We are in a period of healthy and active market conditions for private credit. While most would regard this as a good thing, it might not be all song and dance for investors, who have to pay close attention to those involved. Vincent Marcoux shares his thoughts with us in an exclusive interview.
How would you characterise today’s private market trends and more specifically for the credit market in terms of pricing and leverage?
The private credit market is quite healthy. We have seen capital inflows double since the 2008 crisis and ample liquidity, with inflows in North America nearly twice those in Europe.
In such an active market, investors might find it difficult now to access the best managers. At the start of the credit crisis, investors easily enjoyed 10% net IRR even with 3rd quartile performers. In recent years, return dispersion has in some cases resulted in bad news for investors. Prudence is highly recommended in future manager selections.
The private credit market is boiling and is clearly in transformation. An interesting phenomenon is the increase in velocity, where the historical four to five-year deal duration is now closer to two years, and we now have distributions in the first fund year compared with the second or third year seen in the past.
Given these market conditions, investors should pay close attention to the increasing pressure on borrowers’ ability to pay, and debt leverage embellished by a never-ending bull market. Recent transactions might be a sign of ominous developments ahead.
How does that differ from the market prior to the 2007-2008 global financial crisis?
The private credit market is much more mature than it was prior to the global financial crisis and much more disciplined. The default rate has fallen quite significantly compared with pre-crisis levels. Before 2008, the rate was about 17 percent; today it is about 10 percent. That is a significant improvement bolstered by the popularity of senior loans. In terms of pricing of the assets underlying the debt, while we have seen a discernable increase, prices appear to have stabilised. They are in fact quite stable compared with several years ago, and compared with the buyouts sector.

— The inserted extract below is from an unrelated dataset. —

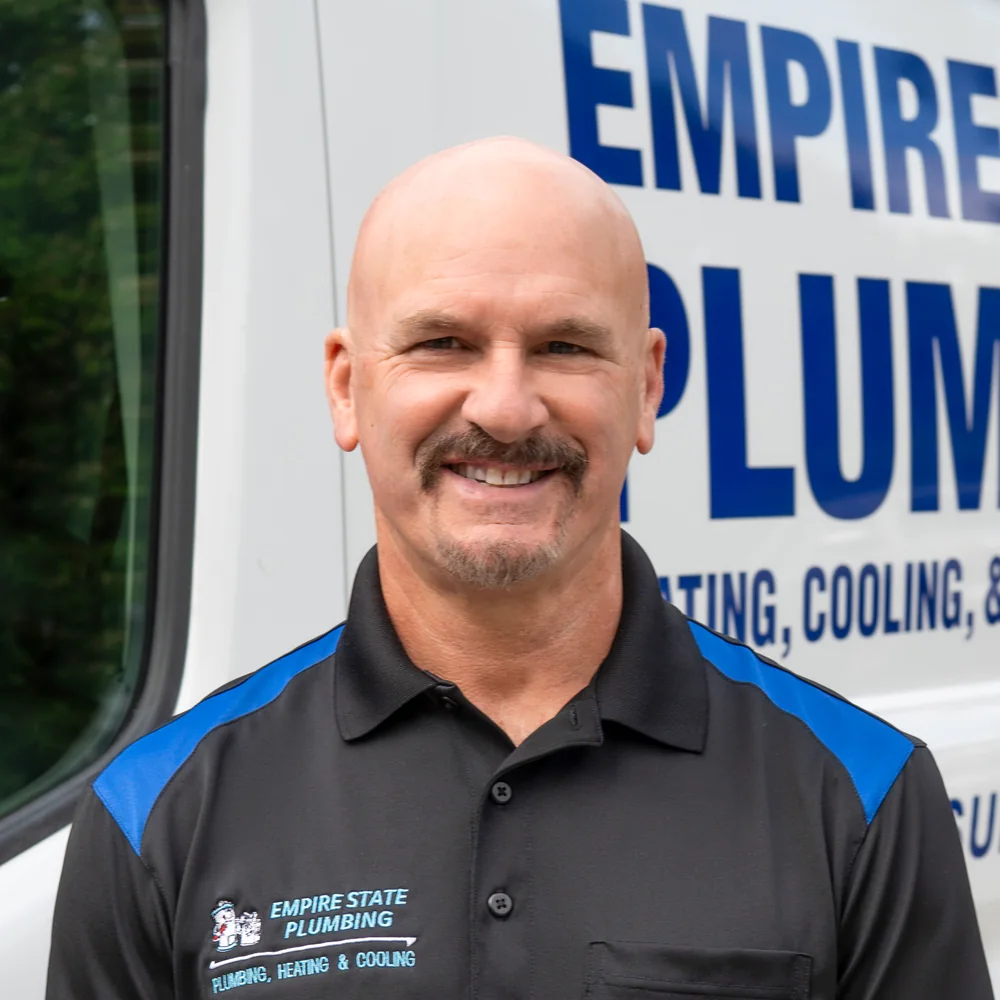 Empire State Plumbing service technician standing beside a company van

What are the main attributes of private credit allocation in a total private market portfolio? How might pricing and leverage impact results?

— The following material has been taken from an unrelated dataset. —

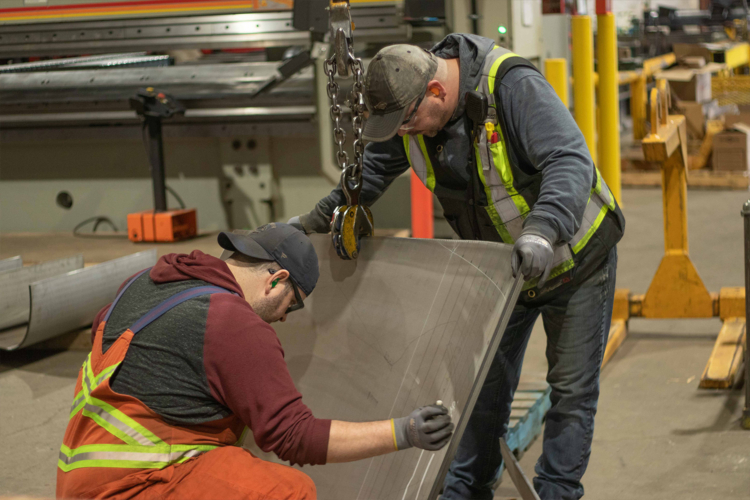 Two welders at Mainland Machinery help stabilize a piece of steel in the shop with the help of an overhead crane.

A private credit portfolio is less volatile than many other asset classes and offers better downside protection. However, investors need to pay close attention to the pricing of the underlying assets as well as the level of debt. When investors focus on reasonable leverage and assets, they should expect added value on their private credit investment. Also, we have seen great disparity in terms of results between industries and also within same industry. For example, in recent years, the Internet and insurance industries have delivered good results with minimum effort, while the energy and automobile segments have struggled with a variety of difficulties.

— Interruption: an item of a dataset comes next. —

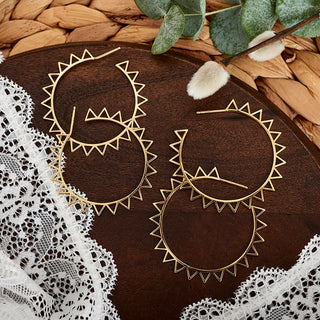Gold hoop earrings on a wooden surface with lace and leaves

Where do you see challenges for LPs and how might they be mitigated?
In terms of industries, investors should be cautious of the industrial and energy sectors, where there is greater volatility and downside risk. It is interesting to note that in terms of financing structure – senior debt to EBITDA and junior debt to EBITDA – most industries are at the same level or higher than they were prior to the credit crisis.
In addition, currency risk in private credit has to be taken into consideration. When looking at results in US dollars, one needs to be cautious and keep in mind that over the last four or five years the dollar has appreciated quite a bit compared with other major currencies, such as the euro.
Finally, with the growing disparity in results of private credit funds, investors must become better skilled at selecting the right managers to more effectively achieve their investment goals.
Can you discuss where you see notable opportunities today in private credit? Do you expect any notable changes in 2019?
The US market, which offers very strong downside protection compared with many other regions, and very good performance, continues to provide significant private credit opportunities. As mentioned, investors need to remain cautious given the degree to which the US dollar has strengthened over the last four to five years. In addition, they should be mindful of the level of senior debt, which has reached pre-credit crisis levels. That is not the case with junior debt, which still has some capacity.
The computer technology, financial, infrastructure/social and healthcare sectors have performed quite well in the private credit market and we hope that will continue. Overall, if investors are disciplined and diversified in their approach and focused on reasonable multiple assets, they should expect superior returns in the private credit market.
Under the spotlight:
Vincent is responsible for CEPRES North America client delivery. He has over 20 years of experience in the asset management industry, assisting pension funds, foundations and other institutional investors. He is a CFA charter holder, MBA graduate and retired Fellow of the Canadian Institute of Actuaries.